Content starts
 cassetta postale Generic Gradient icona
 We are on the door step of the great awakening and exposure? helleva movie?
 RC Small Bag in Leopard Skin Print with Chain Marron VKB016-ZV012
Content ends
With the material above as the source, restate each line word for word.

▶ _ANSWER TO THE PROBLEM_:
 cassetta postale Generic Gradient icona
 We are on the door step of the great awakening and exposure? helleva movie?
 RC Small Bag in Leopard Skin Print with Chain Marron VKB016-ZV012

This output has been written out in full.